Starting at the line containing "Summer Tyre 165/65" and ending at the line containing "images?q=tbn:ANd9GcRwznDN2v5y3Gd6HE1tM9YCdJOTHKHvxDX9sA&s", transcribe the listing below exactly. Keep both end lines, skip the pictures, and copy nothing else.

- Input -
***

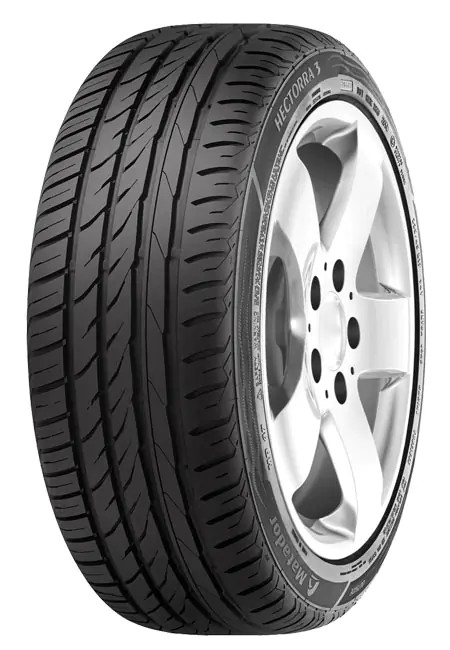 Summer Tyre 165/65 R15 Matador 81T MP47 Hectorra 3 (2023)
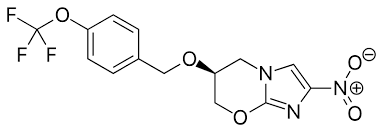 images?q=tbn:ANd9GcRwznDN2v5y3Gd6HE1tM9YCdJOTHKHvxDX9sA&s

***

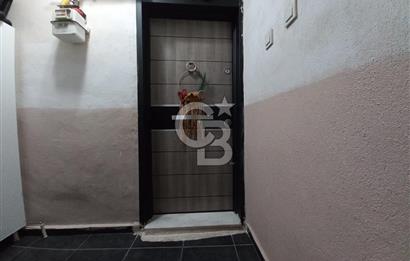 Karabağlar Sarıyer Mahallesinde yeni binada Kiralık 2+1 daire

***

- Completed exercise -
 Summer Tyre 165/65 R15 Matador 81T MP47 Hectorra 3 (2023)
 images?q=tbn:ANd9GcRwznDN2v5y3Gd6HE1tM9YCdJOTHKHvxDX9sA&s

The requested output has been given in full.